Early in her life, Burnett became a Baptist. While in Pettus, she attended St. John Missionary Baptist Church. Her grandmother was the head cook at Oldham Plantation. She taught Burnett how to cook. When her grandmother died, Burnett became head cook. In 1933, she married Calvin Dodson. The couple left Oldham Plantation in 1942, moving to Little Rock, Arkansas. She had a child with Dodson in 1951. At one point during this time, she attended Pulaski Training School in McAlmont, Arkansas.

==Culinary career and life==

In 1954, she began working at the Arkansas Governor's Mansion. She worked for then governor Francis Cherry and his family as a maid. The following year, Orval Faubus became governor. When the mansion's executive chef, Henry Scribner, had his days off, Dodson would serve as chef. Eventually, Alta Faubus, Arkansas' first lady, decided she wanted a woman chef and made Dodson executive chef.

Eventually, her marriage with Calvin Dodson ended. The couple divorced. In 1960, Burnett married Fred Ashley. When Winthrop Rockefeller became governor, Eliza Jane Ashley lost her position as executive chef. She was replaced with Rockefeller's personal chef. After Rockefeller's tenure ended, Ashley would serve as executive chef at the mansion until the end of Bill Clinton's administration in December 1990, when she retired. During Clinton's transition to the presidency, Ashley cooked for Clinton's transition team, who worked at the Governor's mansion. Two of her signature dishes were chocolate chip cookies and pound cake.

Then governor Dale Bumpers named December 20, 1974, "Eliza Jane Ashley Day" in Arkansas.

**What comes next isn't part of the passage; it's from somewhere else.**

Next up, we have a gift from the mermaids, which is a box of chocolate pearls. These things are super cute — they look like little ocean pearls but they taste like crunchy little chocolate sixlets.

Her book, Thirty Years at the Mansion, co-authored with Carolyn Huber, was published in 1985. On her book tour, she appeared on Good Morning America and CNN. The following year, she was awarded the key to Lonoke County. Ashley was profiled by Ebony magazine in July 1989.

==Later life and legacy==

In 1994, North Little Rock declared August 25 "Liza Ashley Day". She was named "Countess of Pulaski" of Pulaski County, Arkansas in 1997. During the Clinton administration, Ashley was invited multiple times to the White House for holiday dinners.

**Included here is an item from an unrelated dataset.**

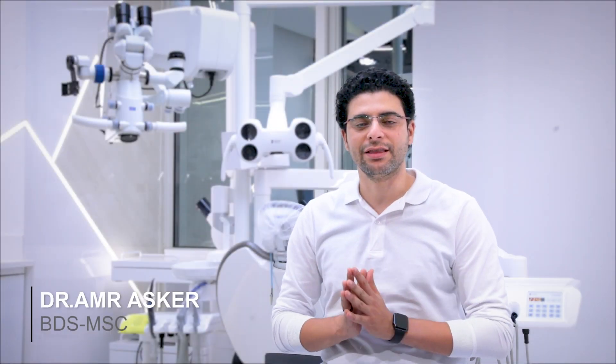Hello everyone, this is Amr Alaskar, the founder of Althontics. Welcome back to a new season of Quick Althontic Tips Series.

Ashley's personal papers were donated to the Butler Center for Arkansas Studies at the Central Arkansas Library in 2005.

She was active in the Sunshine Charity Club, a volunteer for the American Legion and also volunteered at Canaan Missionary Baptist Church in Little Rock. At Canaan, she attended Bible study every Sunday through her time in Little Rock.

After she turned ninety, she moved to Los Angeles, California. She died in Norwalk, California on November 13, 2020. She is buried at Little Rock National Cemetery.